The headline features in an agent framework are the ones that let it do more — a new handoff mechanism, a slicker tool decorator, a faster streaming path. The features that keep an agent alive in production are the ones that decide what happens when it does less than you asked. On July 6, 2026, the OpenAI Agents SDK for Python shipped one of the latter in v0.17.8: an invalid_final_output recovery handler, the last member of a small family of run error handlers that started quietly a few releases back.
It is not a glamorous feature. It is the kind you don't think you need until an agent has spent an afternoon's token budget failing in a way that looked, the whole time, like it was working.
The failure that doesn't announce itself#
Most failure modes in an agent are legible. A tool throws, and you get a stack trace. A guardrail trips, and you get a flagged input. The model hits your turn cap, and you get MaxTurnsExceeded. Those are loud; you can catch them.
Structured output has a quieter failure. When you ask an agent for a typed final answer and the model emits something that won't validate against your schema, the run loop faces an ambiguous signal: is this a bad final output, or simply not yet a final output? The default answer is the forgiving one — treat it as unfinished and take another turn. And another. The agent keeps going, each lap looking exactly like healthy progress, until it exhausts max_turns and raises MaxTurnsExceeded at the very end.
A malformed final output doesn't crash the run. It disguises itself as an unfinished one — and the loop pays full price to discover the difference.
The cost is real and it's back-loaded: you don't pay for one bad turn, you pay for every turn between the first invalid answer and the turn cap. On a long-horizon agent with expensive tools, that's the difference between a fifty-cent failure and a fifty-dollar one.
Three keys, one seam#
The fix the SDK added is small and precise. Every Runner entry point now accepts an error_handlers dict, keyed by error kind, with three supported keys:
max_turns— the loop ran out of turns.model_refusal— the model declined to answer. This one landed earlier, in v0.15.0, alongsideModelRefusalError.invalid_final_output— the model produced a final answer that fails the output schema.

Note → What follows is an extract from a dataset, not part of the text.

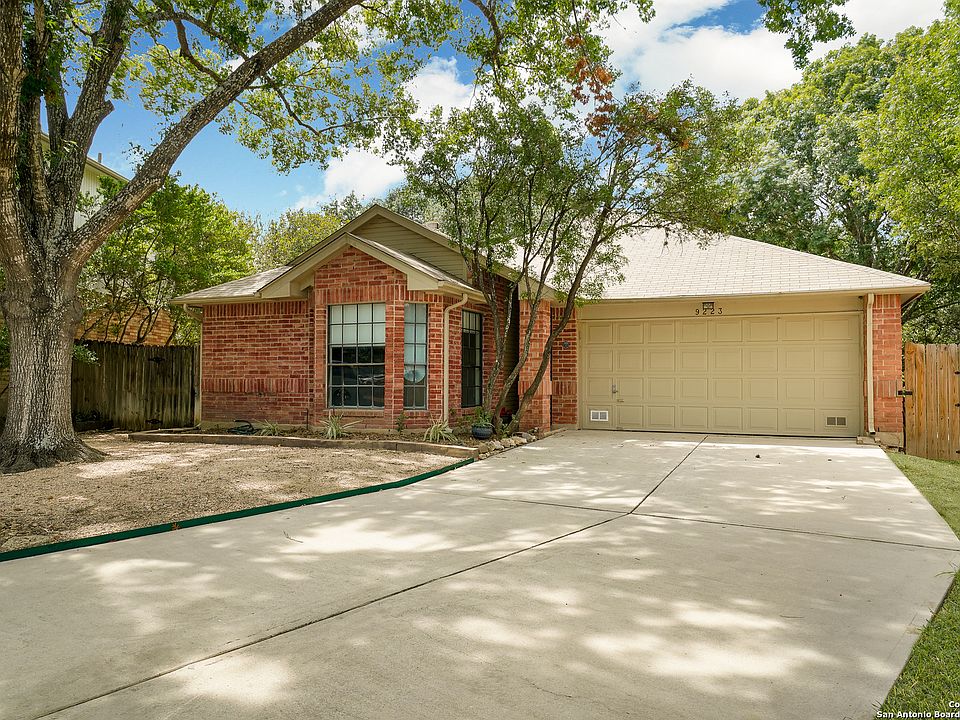 1st image of 9223 Broxton Dr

This is the v0.17.8 addition.
The handler signature is deliberately plain:
def on_max_turns(_data: RunErrorHandlerInput[None]) -> RunErrorHandlerResult:
return RunErrorHandlerResult(
final_output="I couldn't finish within the turn limit.",
include_in_history=False,
)
result = Runner.run_sync(
agent, prompt, max_turns=3,
error_handlers={"max_turns": on_max_turns},
)
For invalid_final_output, the handler returns your OutputType directly — a validated fallback value — or returns None to decline and let the error propagate as before. That None escape valve matters: it lets you recover only the cases you understand and keep failing loudly on the ones you don't.
The non-obvious placement is what makes this worth writing down. Tool errors already had a home — failure_error_function on the tool itself. Flagged inputs and outputs already had a home — guardrails. What had no home was the failure the model commits at the moment of final composition: refusing, or answering in a shape your schema rejects. Run error handlers are that third layer. Once you see the three layers side by side — tool errors, guardrails, run errors — the taxonomy is obvious; before, invalid_final_output was just an unhandled exception with an expensive prologue.
It recovers; it does not retry#
Here is the part that changes how you actually use it. A recovery handler does not re-call the model, and it does not replay tool side effects. Returning a value from invalid_final_output substitutes that value as the final output and ends the run. It is an escape hatch, not a redo.
That single design choice should shape your fallback. Because there's no second model attempt, the value you return is the value you ship — so it has to be a defensible default in its own right, not a placeholder you assume something downstream will fix. For a structured extraction agent, that might mean returning a well-formed object with an explicit confidence: "none" field rather than a guessed answer. For a routing agent, it might mean returning the safe route, not the likely one. The handler is your chance to convert an ambiguous, expensive non-answer into a cheap, honest one — but only if you treat the fallback as a real output, because the SDK will.
And when the fallback is a canned "I couldn't do this," you usually don't want it lingering in the transcript to bias the next turn. That's what include_in_history=False is for: return the controlled output, keep the conversation clean.
Why the small releases are the tell#
v0.17.8 wasn't a marquee drop. Its companion fix, PR #3724, just enforces strict Pydantic validation when strict_json_schema=True meets handoffs — another quiet tightening of the output-integrity story. The next day brought v0.18.0. This is the cadence of a framework hardening its failure surface one seam at a time, and it's worth reading as a signal: the interesting problems in agent tooling have moved from can it call the tool to what happens at the exact boundary where the model hands you something you can't use.
If you run structured-output agents in production, the practical move is short. Set a max_turns you can afford, register an invalid_final_output handler that returns a schema-valid, honest fallback, and return None from it for the cases you'd rather see fail loudly. You will not notice it most days. On the day the model starts quietly emitting output your schema rejects, it's the difference between a bounded, legible failure and an afternoon of turns spent looking busy.